PROBLEM DETAILS: Among the lines below, the one containing "Load image into" opens the range and the one containing "Topics in Intersection Graph Theory" closes it. Print that range exactly, without the pictures.

PROVIDED DATA:
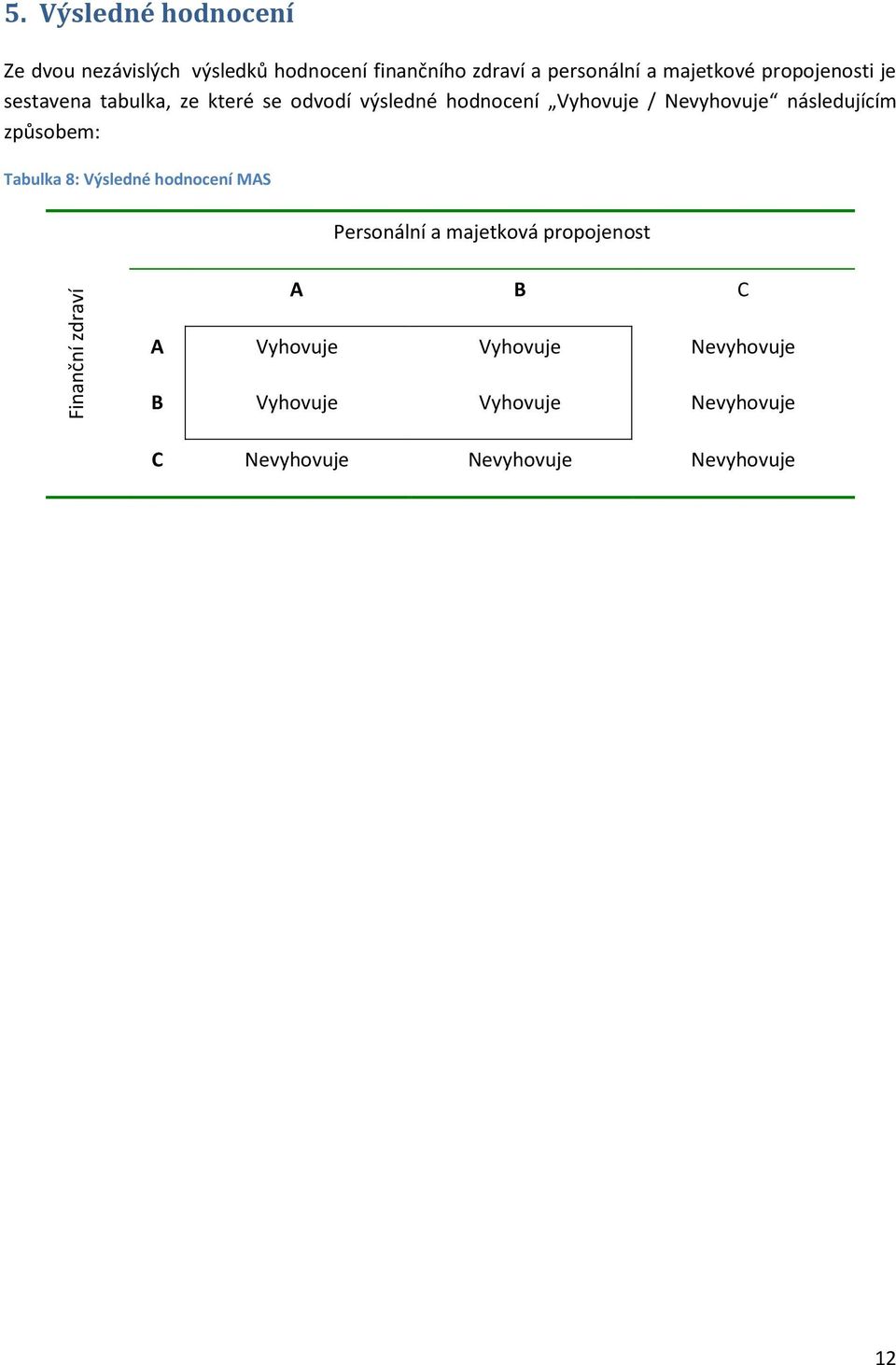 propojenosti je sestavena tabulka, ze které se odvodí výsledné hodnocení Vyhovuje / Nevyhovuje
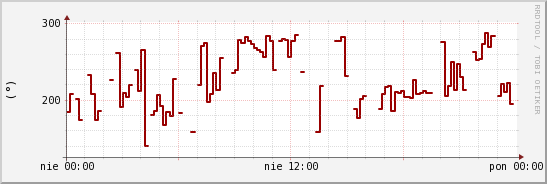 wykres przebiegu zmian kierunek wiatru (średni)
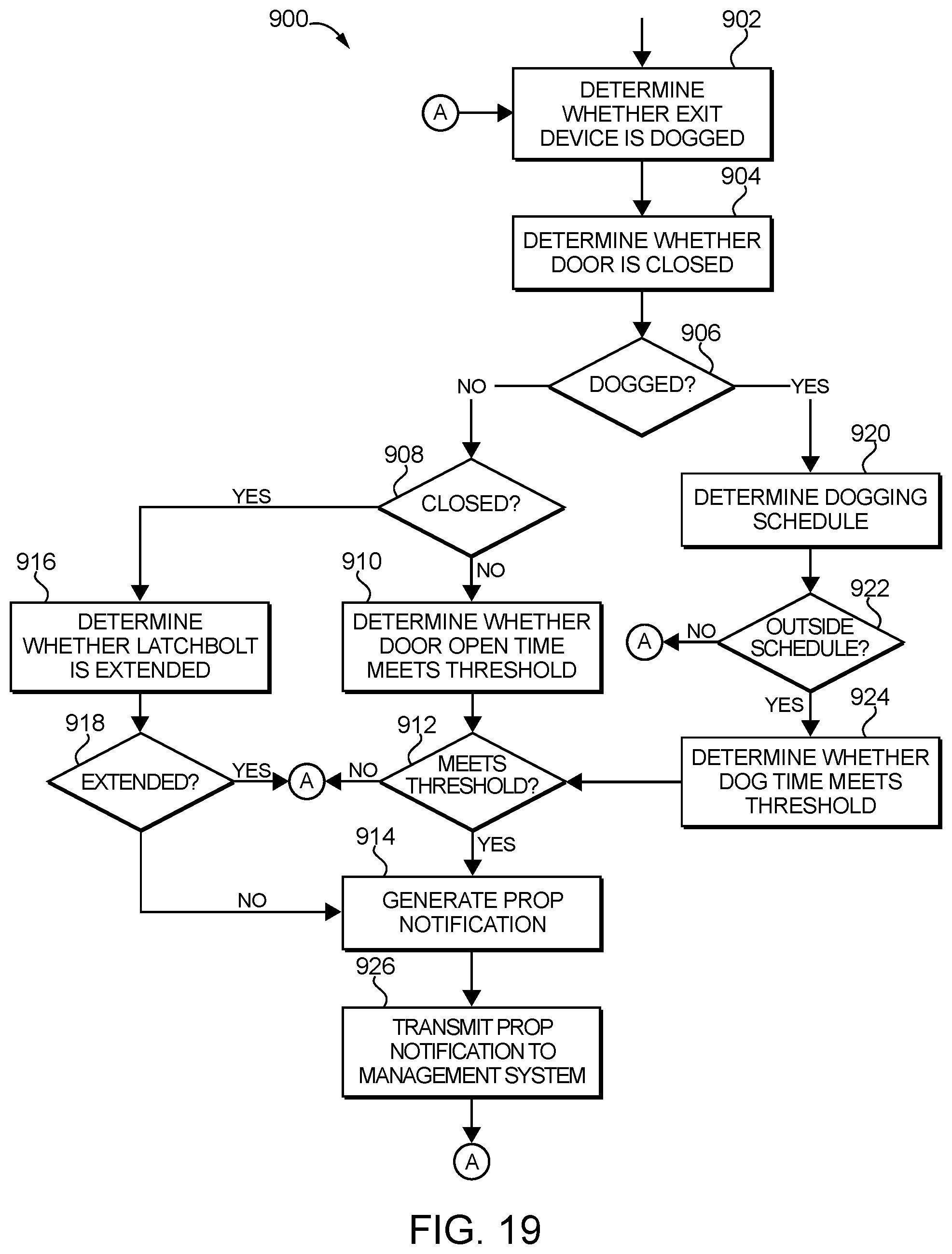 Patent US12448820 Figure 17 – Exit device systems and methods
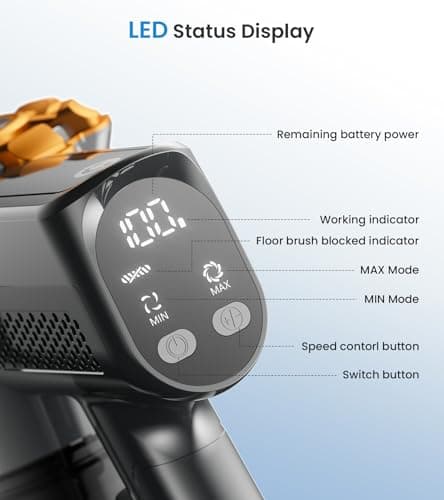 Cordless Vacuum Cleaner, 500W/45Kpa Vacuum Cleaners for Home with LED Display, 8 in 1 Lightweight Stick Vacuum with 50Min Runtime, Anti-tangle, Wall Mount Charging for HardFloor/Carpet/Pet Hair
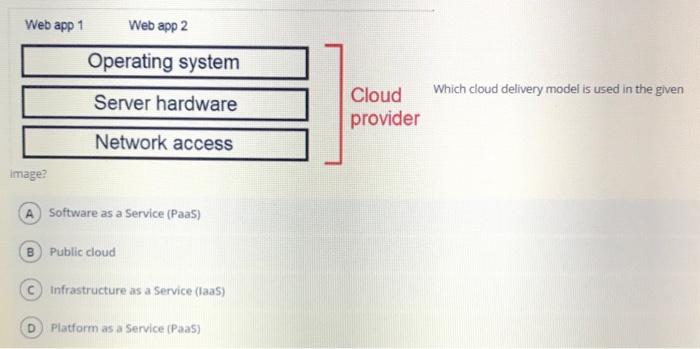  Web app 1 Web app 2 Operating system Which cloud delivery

* * *

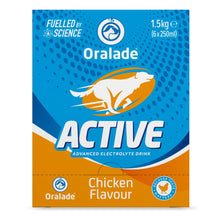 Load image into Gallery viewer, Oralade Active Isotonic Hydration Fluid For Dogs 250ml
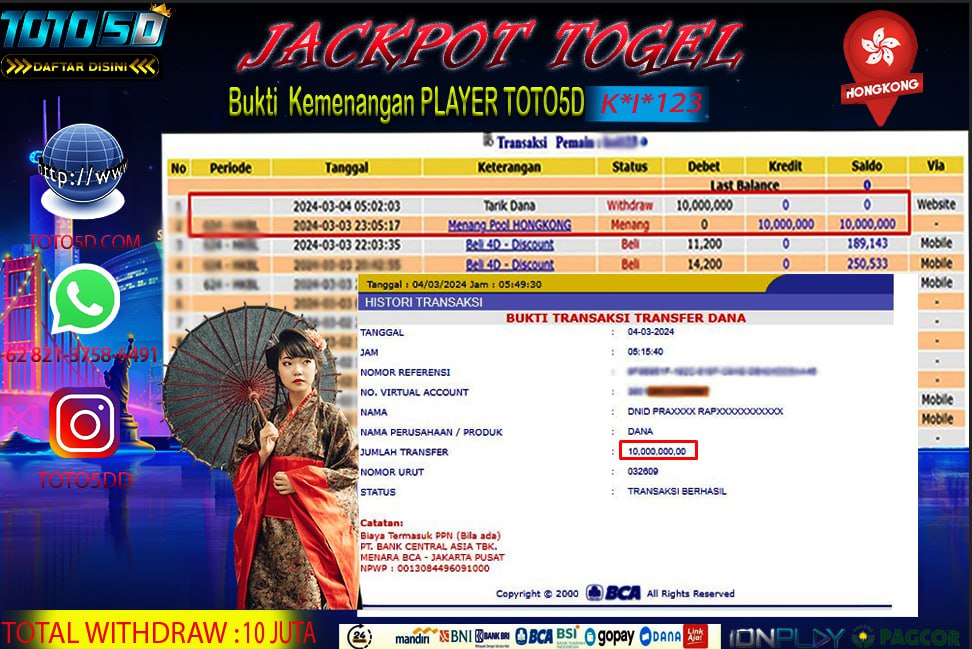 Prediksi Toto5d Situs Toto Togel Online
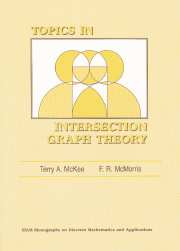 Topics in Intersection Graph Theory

SOLVED PROBLEM:
 Load image into Gallery viewer, Oralade Active Isotonic Hydration Fluid For Dogs 250ml
 Prediksi Toto5d Situs Toto Togel Online
 Topics in Intersection Graph Theory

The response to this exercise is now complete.